This means insurers have a couple of options. One of them is to raise rates, a lot of them have done that, and a lot of them did that already with the anticipation that the President might stop making these payments. Another option, for the insurers to leave the market entirely, which we’re now seeing some insurers thinking about doing. The third option is to just eat the increased costs, which we assume none of the insurance companies are going to do.

The CBO estimated that direct cost would go up 20% for those covered under that plan however, the people who get “help with premiums” effectively pass the cost to the federal government, increasing the NET cost the Government pays at the end – some say that cost could be $150 billion (USD) over 10 years, vs. the cost of $7 billion (USD) per year, likely less than $100 billion (USD) over 10 years.

By this action, it is nearly guaranteed that the U.S. Treasury will pay more at the end.

In general, CBO expects that most purchasers in the non-group market, with income between 200 percent and 400 percent of the FPL, could pay net premiums equal to or less than those under the baseline for insurance with an actuarial value the same as (or even greater than) under the baseline. The main reason that purchasers could pay less or obtain a higher actuarial value is that the higher premiums for silver plans would boost the premium tax credit amounts.

For purchasers in the nongroup market with income above 400 percent of the FPL, both net and gross premiums would be the same because they are not eligible for premium tax credits. Under the policy, they could pay about the same premiums for bronze or silver plans (by purchasing outside the marketplaces), as under the baseline and lower premiums for gold plans (because of the health of enrollees in the plans), CBO projected.

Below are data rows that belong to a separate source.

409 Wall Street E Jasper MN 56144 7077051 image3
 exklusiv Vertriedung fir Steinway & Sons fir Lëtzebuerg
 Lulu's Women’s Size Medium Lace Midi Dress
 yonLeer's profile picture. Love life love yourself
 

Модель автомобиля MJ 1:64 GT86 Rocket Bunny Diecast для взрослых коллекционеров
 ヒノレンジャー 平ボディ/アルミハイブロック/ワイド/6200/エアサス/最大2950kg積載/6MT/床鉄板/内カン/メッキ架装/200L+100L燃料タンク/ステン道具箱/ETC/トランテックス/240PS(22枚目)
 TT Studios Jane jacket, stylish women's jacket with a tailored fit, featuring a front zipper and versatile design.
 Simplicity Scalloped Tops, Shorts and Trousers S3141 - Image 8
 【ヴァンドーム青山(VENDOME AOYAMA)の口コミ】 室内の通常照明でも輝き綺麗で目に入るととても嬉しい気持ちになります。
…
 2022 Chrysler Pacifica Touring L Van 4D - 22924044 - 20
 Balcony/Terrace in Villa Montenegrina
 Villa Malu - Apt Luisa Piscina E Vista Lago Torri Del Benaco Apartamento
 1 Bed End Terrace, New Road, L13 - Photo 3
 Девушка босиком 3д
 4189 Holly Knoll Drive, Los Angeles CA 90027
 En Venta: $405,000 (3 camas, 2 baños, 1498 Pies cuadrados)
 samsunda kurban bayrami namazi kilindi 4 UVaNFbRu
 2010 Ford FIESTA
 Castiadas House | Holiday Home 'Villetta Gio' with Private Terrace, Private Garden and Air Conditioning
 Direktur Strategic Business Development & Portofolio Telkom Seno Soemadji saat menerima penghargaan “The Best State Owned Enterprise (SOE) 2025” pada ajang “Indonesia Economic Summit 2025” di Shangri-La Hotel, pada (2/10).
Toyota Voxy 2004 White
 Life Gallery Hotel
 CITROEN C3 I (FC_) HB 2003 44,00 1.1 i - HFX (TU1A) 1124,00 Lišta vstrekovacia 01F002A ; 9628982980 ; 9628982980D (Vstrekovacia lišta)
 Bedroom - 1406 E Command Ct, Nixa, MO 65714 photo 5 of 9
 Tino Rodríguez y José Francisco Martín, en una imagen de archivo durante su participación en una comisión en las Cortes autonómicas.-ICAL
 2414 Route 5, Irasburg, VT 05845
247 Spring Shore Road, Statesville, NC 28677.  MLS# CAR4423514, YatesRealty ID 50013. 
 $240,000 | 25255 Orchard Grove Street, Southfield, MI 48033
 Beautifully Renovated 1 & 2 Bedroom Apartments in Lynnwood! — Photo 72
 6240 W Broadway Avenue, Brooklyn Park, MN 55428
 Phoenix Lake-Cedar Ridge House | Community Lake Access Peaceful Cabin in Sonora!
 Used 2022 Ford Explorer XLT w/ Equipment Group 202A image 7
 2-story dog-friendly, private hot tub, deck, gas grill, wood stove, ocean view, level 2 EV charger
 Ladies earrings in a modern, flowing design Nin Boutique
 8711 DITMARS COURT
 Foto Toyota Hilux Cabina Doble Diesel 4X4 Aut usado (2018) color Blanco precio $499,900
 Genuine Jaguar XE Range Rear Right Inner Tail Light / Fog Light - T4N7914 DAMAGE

Recently, 18 states and the District of Columbia filed suit to require that the payments be continued. The reason the President could stop this is that it was a subject of a lawsuit about whether Congress officially appropriated the money or not. That lawsuit was actually on appeal and the lower court finding had been sustained.

This is a problem, because the original ACA gave a lot of discretion to HHS, to fix issues that the rushed law created. Now, under a new President, the “government in charge” can, and seems set to use the law to make its agenda. The states could win for 2018 however, the real fight will be for 2019, and that battle has started. I am not sure of the President’s full agenda however, it seems apparent to put pressure on both Democrats and Republicans at the same time to act, as each group has something to lose.

The challenge is more complicated, since most of the plans have been approved “as is.” Some states have allowed optional pricing if the rules were changed, and/or in most cases file emergency orders for adjustment, subject to approval by state insurance regulators. The issue is that ALL states regulate (non ERISA) plans, so that they have to approve final prices by age, (sex is not an issue), and even the ACA has corridors on age pricing. We also don’t see this impacting those with existing conditions, as other parts of the ACA handle that issue.

The sad news with all of this, is that:

1. There will be material disruption for a few million people that may need to move to lower coverage plans.

2. Some will lose coverage in the confusion.

3. There will be a lot of stress, AND at the end, we may have another form of insurance reform, but no real healthcare reform.

None of these actions, including the original ACA, substantially bring the cost curve down. There is nothing that will significantly compensate for wellness versus mostly episodic based care. Furthermore, there is nothing to begin the pay for comprehensive care. Lastly, we are still not using behavior economics, or off-the-shelf technology to move the cost of healthcare that is now on a 50-year track to consume nearly 20% of G.D.P by 2020, from about five percent in 1965.